Morton Arboretum, 2009

Last week I had an appointment in the western suburbs and I took the opportunity to drive by Morton Arboretum. For those of you who aren’t Chicagoans the Arboretum is a private trust, established by Joy Morton on the grounds of the old Morton estate (Morton Salt). His dad, J. Sterling Morton, was a great fancier and collector of trees and was instrumental in the establishment of Arbor Day.

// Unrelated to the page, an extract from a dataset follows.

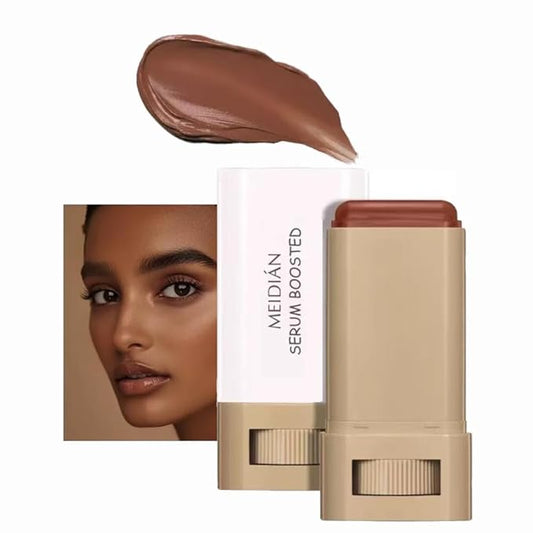 Dewy Finish Tinted Moisturizer & Full Coverage Foundation Stick Set - Includes Beauty Balm Serum, Concealer Stick & Contour Sticks for Face Makeup (2#)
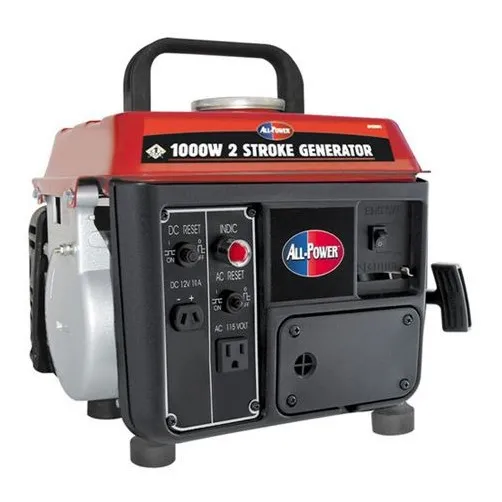 Generador Portatil A Gasolina Planta Electrica All Power1000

A quick look around suggested to me that this weekend would be an excellent time to look at some fall color. Despite several days of rain between my reconnoitering visit and our actual visit, the fall colors in the Arboretum were still magnificent. I neglected to bring my camera and I took these lousy pictures on my cell phone. They still give you some idea of how dramatic and vibrant the colors were. I can barely describe to you the experience of slowly driving the narrow lane through the maple groves on the east side of the Arboretum, gasping at the wall of yellow, orange, and red that encircled us and arched above us.

The tree above must be one of the most photographed trees in the world, of course behind the Great Sequoias. Here’s another picture:

I suspect the color will still be glorious for another week or two. Well worth a visit (adult admission is $11).

3 comments… add one
  • PD Shaw Link

    Still pretty good pictures considering. I thought at first you had dusted off some more of your dad’s pictures.

    We took our leaf-peeping trip along the road between New Glarus and Baraboo, Wisconsin this year. I think the wet weather has made the leaves exceptional this year. I want to go back to Devil’s Lake again some October when it’s not snowing ?!?

  • Drew Link

    Great place isn’t it? Too bad we had those couple days of rain and wind that took down so many leaves.

  • Actually, it wasn’t bad there. As you can see from the pictures, there weren’t a lot of leaves on the ground. And in the maple groves the closely-clustered trees protected each other better than our widely separated street maples do.